# from feral kittens to feral colony



## Cat'sHouse (Apr 5, 2012)

I do maintenance work on rental houses and at one of these houses in North Minneapolis there was an abandoned house across the alley from this house I did landscape and exterior work on. I noticed a neighbor lady would stop her car and bring something (food/water) up to the back porch area of this house where there was an opening under it. I soon found out there were 4 or 5 kittens living there. I mentioned to her once that they should go to a shelter etc. but, she didn't want to do this. 

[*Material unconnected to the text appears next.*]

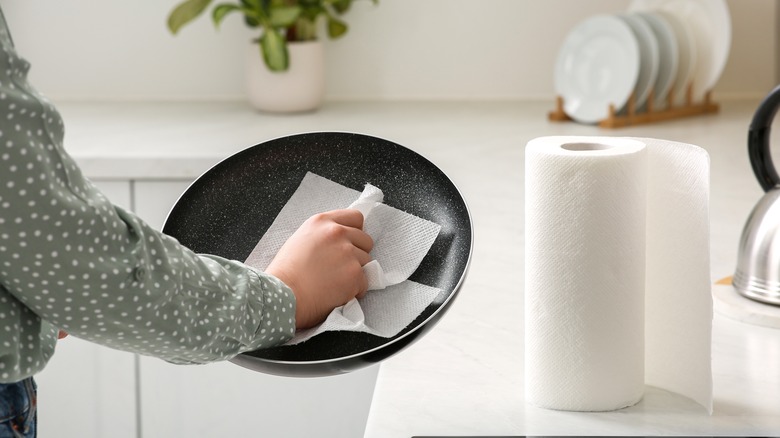 wiping pan with paper towel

I thought that the house would be sold, remodeled or torn down but that has not happened yet. It has been almost a year now and the few times I have been back there, I have seen several cats run from garbage bins and flee to this same porch opening. So, I guess most or all survived and still live there....now almost completely feral I guess. 

I am not in a position to do anything other than call animal control which I am hesistant to do at this time. I have not seen the 'rescue lady' yet and may not as I seldom go to that house anymore....

If I walked my neighborhood about dark I would see lots of strays and cats let 'out' for the evening. I'm guessing the cats I posted about have had or are having babies so a colony is probably in the making. One day someone will 'round em' up and they will be taken to animal control and likely be euthanized. 

My question and comment is......should they have been dealt with when they were kittens? I think that would have been better but since I don't live in the neighborhood, I didn't think it was my place to stop this lady. It is not unusual for me to run across abandoned cats living in old garages, sheds, etc. At my house, I keep some sheltered areas in my yard and put out food for strays I know are in my neighborhood. My avatar, Clyde, was one of these a few years ago.

What do you think?


----------



## grrawritsjordi (Dec 29, 2012)

If I were you, I would have called animal control in the beginning. I have seen a lot of feral cats run around my grandma's house and we would always feed them and try to socialize them, but only being there a couple days a week, I didn't have much time with them and no one else would help out.

The neighborhood would leave food out, so it seemed the whole town would drop off unwanted cats. Me, being a softy, would try to socialize the worst ones, but I have scars to prove that it was going to take more work than I was willing to give as a middle schooler/high schooler.

The reasons why this is bad is:

A)None of these little guys are fixed (or at least most of them are not) so they are going to create more and more little guys. I have watched a lot of little feral kittens die because of worms or other sicknesses. (I was too young to really know what was to do and I didn't have the money to save them all.)

B) From what I've seen (not true in all cases, I guess) these little guys will mate with their brother and sister (inbreed) causing birth defects and other problems for the kittens. There were at least 3 inbred generations at my grandma's and the mortality rate was unbelievable. Poor little guys.

Now I know you did what the old lady wished, but really, something should have been done in the beginning. The cats would probably have homes and it is much easier to socialize a feral kitten, rather than a feral cat.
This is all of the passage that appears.